М.М. Бахтин определял область своих основных интересов как «философскую антропологию» [Бахтин 2002–2012 VI, 563]. Это естественно: философское осмысление человеческой личности, ее роли и места в мироздании, является главной темой для каждого, всерьез изучающего творчество Достоевского.
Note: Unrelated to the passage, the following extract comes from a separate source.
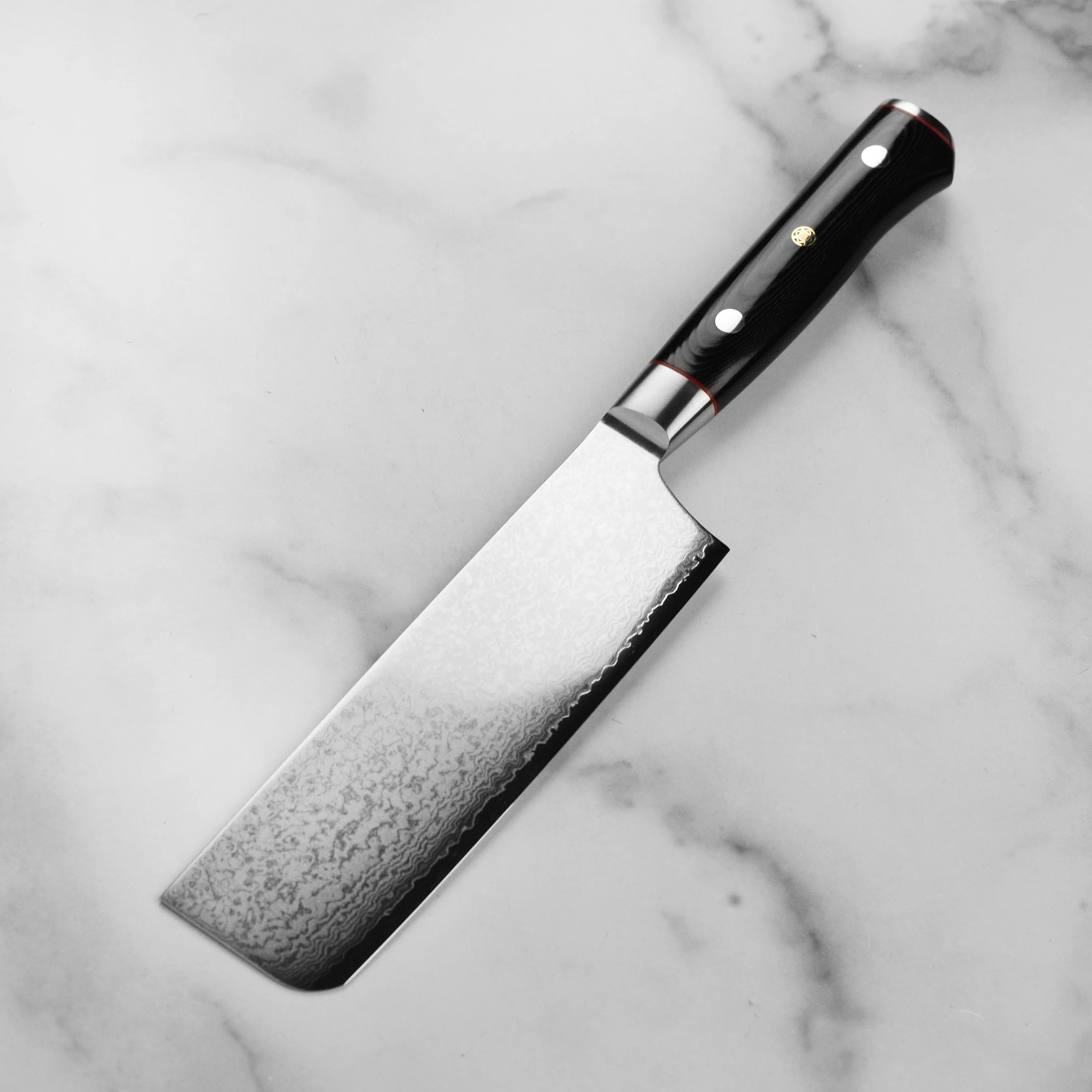 Zanmai Classic Pro Zebra Damascus 6.5" Nakiri - Image 5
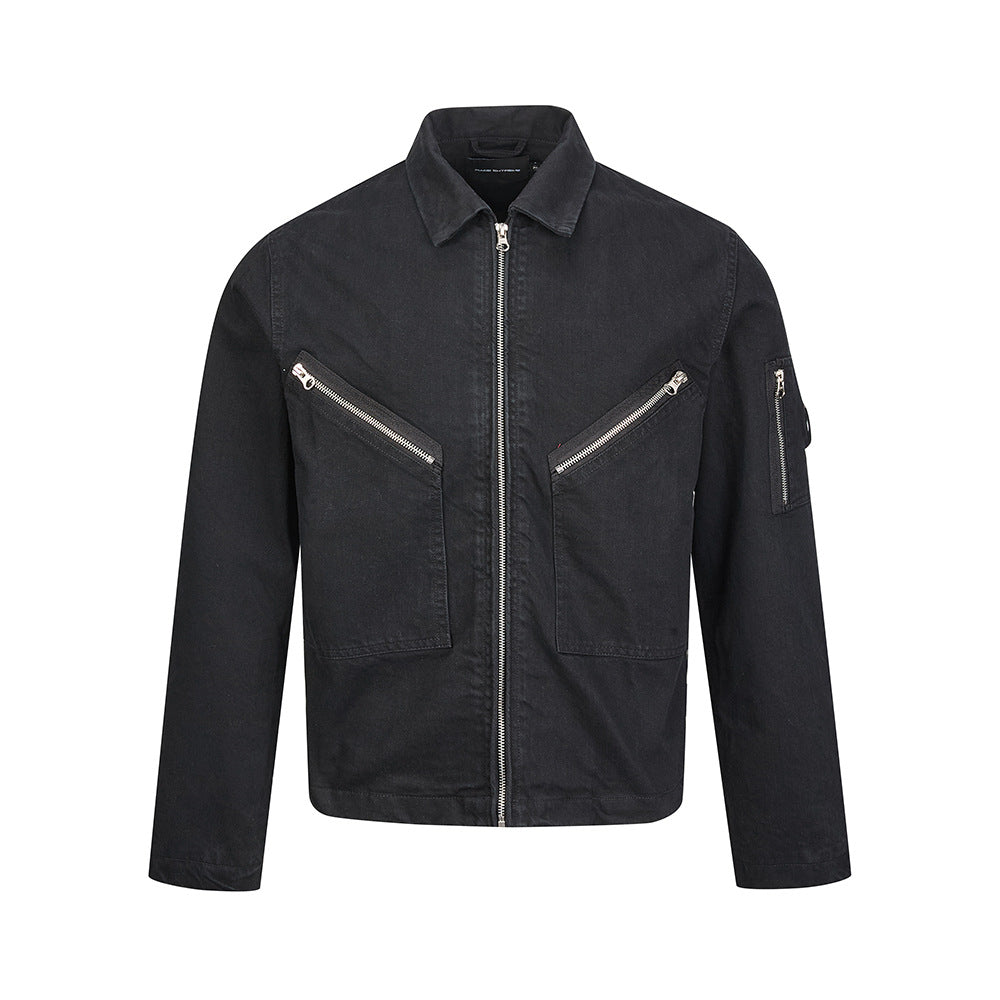 Loose-fit Casual Straight-shoulder Jacket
В черновиках Достоевского есть немало записей, над которыми надолго задумываешься. Вот, например: «Какая разница между демоном и  человеком? Мефистофель у Гете говорит на вопрос Фауста: “Кто он такой” – “Я часть той части целого, которая хочет зла, а творит добро”. Увы! человек мог бы отвечать, говоря о себе совершенно обратно: “Я часть той части целого, которая вечно хочет, алчет, жаждет добра, а в результате его деяний одно лишь злое”» [Достоевский 1972–1990 XXIV, 287–288]. Эта запись 1876 г. сопровождается высказываниями Достоевского от собственного лица, но даже если писатель намеревался высказать эту мысль от какого-либо другого лица, она весьма знаменательна и максимально приближает нас к сути трагического конфликта человеческого бытия. Как известно со времен Аристотеля, трагедия способствует очищению душ зрителей посредством переживания ими ужаса или сострадания, вызванного судьбой человека, «ввергнутого в несчастье не по своей негодности или порочности, но по какой-то ошибке (αμαρτια)» [Катарсис 2007, 9]. Ошибка, надо полагать, заключается в определении реальности: что именно  есть реальность и где она находится.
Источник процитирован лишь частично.